How has mentorship made a difference in your professional and personal life?
I am very fortunate that Wayne Scherger, the founder of ProTect Painters, lives in the same city as me. When I started in this industry eight years ago, working for a previous franchise owner, Wayne was my trainer. We have stayed in contact over the years.
He was actually the person who approached me about ownership. It has been critical to my business that I am able to have him as my mentor. I frequently run ideas past him. We bounce marketing ideas off of each other. He has a true entrepreneur's spirit and pushes me to be more than I can be.
I think it's important to "pay it forward" so to speak. There are two fairly new franchisees near me, and we frequently meet for lunch and talk about things that are new to them. I enjoy helping them, as my mentor helped me, whether it's offering advice, helping with training or pooling our resources together for marketing and merchandising.
Which other female leaders do you admire and why?
Cynthia Kaye, the founder and owner of Logical Choice Technologies. Cynthia hired me for an IT position when I was pregnant with my daughter and allowed me to work flexible schedules as long as I needed to. I gained a lot of experience during the four years I worked for her.
She's also the one who let me go from her company about 11 years ago, setting me on an entrepreneurial path. It was on that day that I decided I would never work in an office for anyone else ever again. I started my own interior painting business and eventually worked for a previous ProTect Painters franchise owner.
I also admire Cynthia because she is a pioneer in an industry dominated by men, similar to me in the painting industry. Cynthia was a daring, courageous and transparent leader. As her employees, we shared in the good times and Cynthia didn't hide the bad times. She was also very much the family woman, raising two daughters, adopting two brothers from Russia, working in church leadership - all while growing the company. I watched her surround herself with great managers, mentors and support staff when she decided to take the company to the next level. All of these lessons stay with me until this day.
A more public woman I admire is Condoleezza Rice. As the first black female secretary of state, Condoleezza broke down several barriers for both women and black people. I look up to her as a woman because she's been wildly successful in a male-dominated culture and has done so without apologizing for not having a family and making her career a priority in her life.
What are your hopes for the future as a franchise owner?
On a personal level, I would like to continue encouraging women to step into ownership. Small-business ownership is a male-dominated sector of our population but women do very well. On the ProTect Painters blog, there is a nice post about all the successful women in our system alone, which proves women are great owners.

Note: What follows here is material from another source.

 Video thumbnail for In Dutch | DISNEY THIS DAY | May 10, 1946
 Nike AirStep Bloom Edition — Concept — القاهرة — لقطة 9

On the business side, the future is bright for ProTect Painters as a brand and I intend help grow it and enjoy being a franchise partner for as long as possible. Franchise ownership is allowing me to fund a lifestyle for my family that I did not think was possible. Funding college for my daughter, which is coming up in three years, is my top priority. One day, I would like to own more territory for my franchise when the time is right. In the immediate future, I'm focusing on bettering the brand by providing my customers the best home improvement experience possible.